Tarihin Tozlu Sayfalarından Bir Yer

Antalya'nın Alanya ilçesinde, Alanya Limanı'nda bulunan Kızıl Kule, bölgenin en dikkat çekici yapılarından biridir.

13. yüzyılda inşa edilen bu sekizgen planlı kule, Selçuklu dönemi mimarisinin önemli örneklerinden biri olarak kabul edilir. Yüzyıllar boyunca kenti denizden gelebilecek saldırılara karşı koruma görevini üstlenmiş olan kule, günümüzde Alanya’nın simgesi olarak tarihi ve kültürel önemiyle dikkat çekmektedir.

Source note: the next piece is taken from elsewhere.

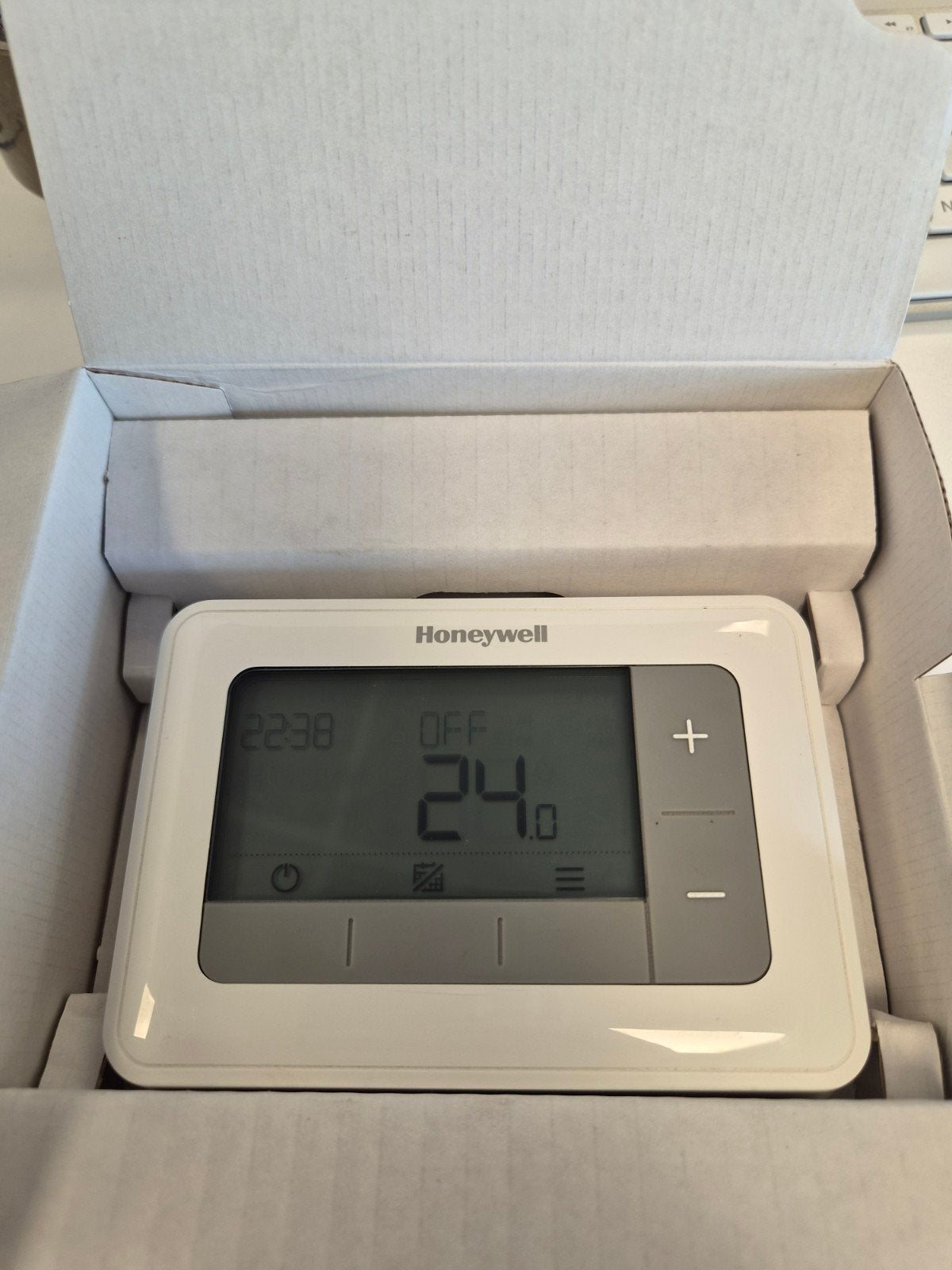 Honeywell T4 nieuw, Ophalen of Verzenden, Nieuw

Tarihin Tozlu Sayfalarından Bir Yer

TARİHÇESİ VE MİMARİSİ

Kızıl Kule, 1226 yılında Selçuklu Sultanı I. Alaeddin Keykubad’ın emriyle inşa edilmiştir. Kulenin yapımında, daha önce Sinop Kalesi’ni inşa eden Halepli mimar Ebu Ali Reha el Kettani görev almıştır.

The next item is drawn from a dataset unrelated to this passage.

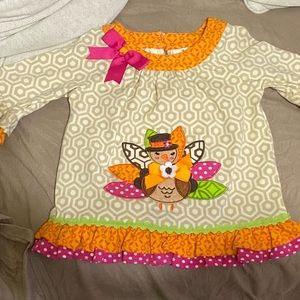 Rare editions, 2 piece set, size: 6-9 months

Yapının en dikkat çeken özelliği sekizgen planıdır. Her duvarı 12,5 metre genişliğinde olan kulenin çapı 29 metre, yüksekliği ise 33 metre olarak ölçülmüştür. Zemin dahil beş kat olan kulenin her katı taş merdivenlerle birbirine bağlanır ve en üst kata 85 basamaklı bir merdivenle çıkılır. Kulenin üst kısmı, taş blokları kaldırmanın zorlaşması nedeniyle pişmiş kırmızı tuğlalar kullanılarak tamamlanmıştır. Bu kırmızı tuğlalar, kuleye Kızıl Kule adını vermiştir

ANTİK MALZEMELER VE YAPI TEKNİĞİ

Kızıl Kule’nin yapımında bazı antik dönemden kalma mermer bloklar kullanılmıştır. Bununla birlikte, yapının dayanıklılığını artırmak için kullanılan harçta yumurta akı yer alır. Kırmızı renkli dış yüzeyin elde edilmesi içinse yumurta sarısı ile sıva karıştırılmıştır. Bu teknik, dönemin inşaat yöntemlerinde hem estetik hem de dayanıklılık amaçlı yenilikçi bir yaklaşım olarak öne çıkar

İÇ YAPI VE SARNIÇ SİSTEMİ

Kulenin iç tasarımı da oldukça işlevseldir. Üstten aldığı güneş ışığı, kule boyunca aşağı katlara kadar ulaşır. Bu sayede zemin katlar bile doğal aydınlatma ile aydınlanır. Kulenin merkezinde bir sarnıç bulunur ve bu yapı, kulenin askeri amaçlarla uzun süreli kullanımını desteklemek için tasarlanmıştır. Bu sarnıç, içerideki su ihtiyacını karşılamak amacıyla kullanılmıştır.

SAVUNMA VE ASKERİ AMAÇLAR

Kızıl Kule, inşa edildiği dönemde denizden gelebilecek saldırılara karşı Alanya Limanı ve tersanesini korumak amacıyla tasarlanmıştır. Asırlar boyunca askeri üs olarak hizmet vermiştir. Stratejik konumu ve sağlam yapısı ile bölgenin güvenliğini sağlamakta önemli bir rol oynamıştır

RESTORASYON VE GÜNÜMÜZDEKİ KULLANIMI

1950'li yıllarda restore edilen kule, 1979 yılında ziyarete açılmış ve zemin katı Alanya Etnografya Müzesi olarak düzenlenmiştir. Ziyaretçiler burada, Alanya ve çevresinin geleneksel kültürüne dair el yapımı eserler, halılar ve yöresel araç-gereçleri görebilirler.
1992-2005 yılları arasında Türkiye'de tedavülde olan 250.000 TL’lik banknotların arka yüzünde Kızıl Kule’nin görseli yer almıştır. Bu, yapının ülke çapında bir kültürel miras olarak kabul edilmesinin önemli bir göstergesidir

ALANYA’NIN TARİHİ SİMGESİ

Kızıl Kule, Selçuklu mimarisinin güçlü bir örneği olmanın ötesinde, Alanya’nın tarihi ve kültürel dokusunu yaşatan bir yapıdır. Savunma amacıyla inşa edilen bu yapı, günümüzde hem turistik hem de müzecilik faaliyetleriyle hizmet vermektedir. Alanya’ya gelen ziyaretçiler için Kızıl Kule, bölgenin tarihini keşfetmek ve kültürel zenginlikleri tanımak açısından önemli bir duraktır.